25 Signs You're A Veteran Mom
Maybe it starts when you realize rock concerts give you a headache. Or you catch yourself ending a discussion with “Because I’m the mother, that’s why.” The warning signs are all there. You know you’ve crossed the threshold into advanced motherhood when:
1. You count the sprinkles on each kid’s cupcake to make sure they’re equal.
2. You want to take out a contract on the kid who broke your son’s favorite toy car and made him cry.
3. You have time to shave only one leg at a time.
4. You hide in the bathroom to be alone.
5. Your child throws up, and you catch it.
6. Someone else’s kid throws up, and you keep eating.
7. You consider Magic Markers a controlled substance.
8. You’ve mastered the art of placing large quantities of pancakes and eggs on a plate without anything touching.
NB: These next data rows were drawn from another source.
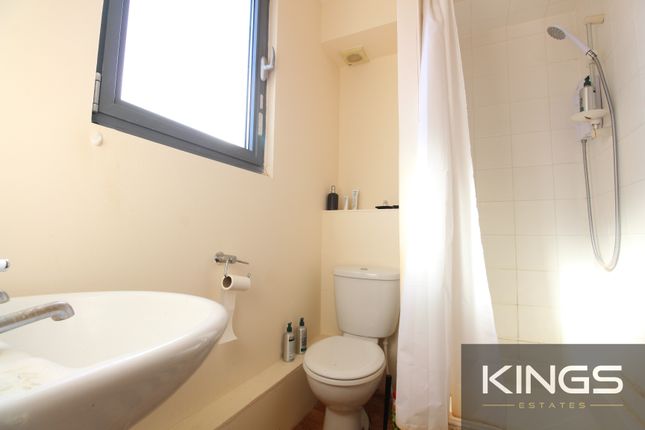 Flat 14 Mede House, Salisbury Street, Southampton photo 3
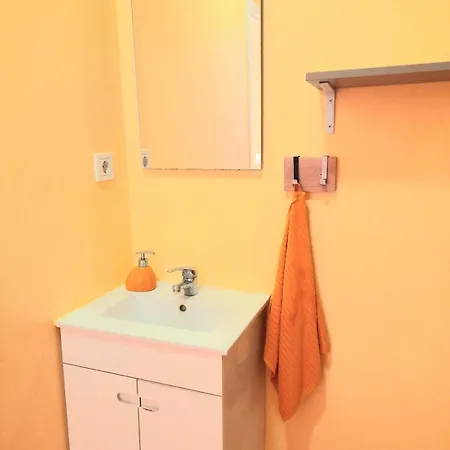 Metro Arroios Apartman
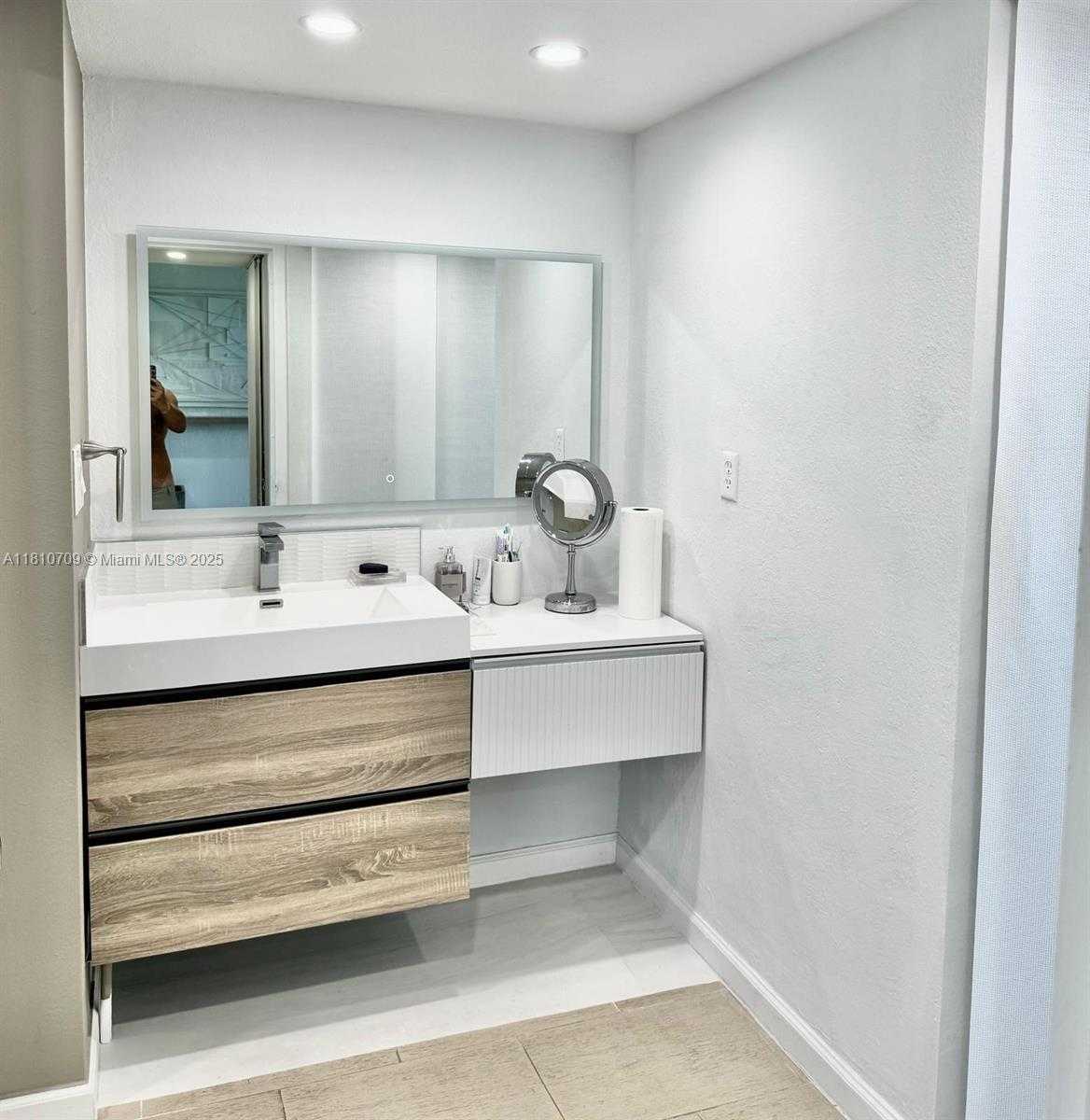 Small Image of 3375 NORTH COUNTRY CLUB DR #701, Aventura Number 20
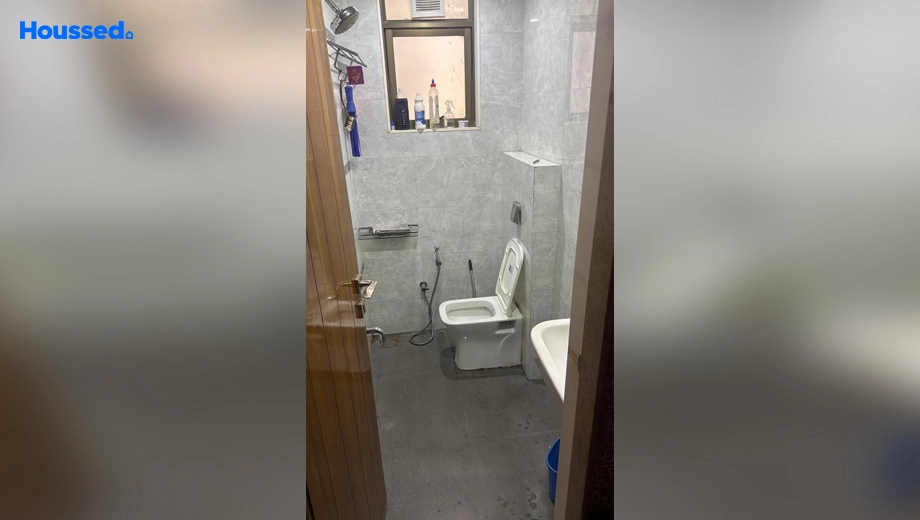 Project Image of 4 BHK Flat for Resale in Happy Green Victory, Vesu - Image 112582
9. You make your kid wear a sweater when you’re cold.
10. You cling to the high moral ground on toy weapons; your child bites his toast into the shape of a gun.
11. You hope ketchup really is a vegetable, because it’s the only one your kid eats.
12. You convince your child that FAO Schwarz is a toy museum, not a store.
13. You can’t bear the thought of your son’s first girlfriend.
14. You hate the thought of his wife even more.
15. You find yourself cutting your husband’s sandwiches into animal shapes.
16. You fast-forward through the scene where the hunter shoots Bambi’s mother.
17. You become a member of three different aquariums because your kid loves sharks.
18. You obsess when your child clings to you upon parting during his first week at school, then obsess when he skips away without even looking back the second week.
19. You can’t bear to give away baby clothes—it’s so final.
20. You hear your mother’s voice coming out of your mouth when you say, “Not in your good clothes.”
21. You stop criticizing the way your mother raised you.
22. You use your own saliva to clean your child’s face.
23. You read that the average 5-year-old asks 437 questions a day and feel proud that your kid is “above average.”
24. You hire a sitter because you haven’t been out with your spouse in ages, then spend half the evening checking on the kids.
25. You say at least once a day, “I’m not cut out for this job,” but you know you wouldn’t trade it for anything.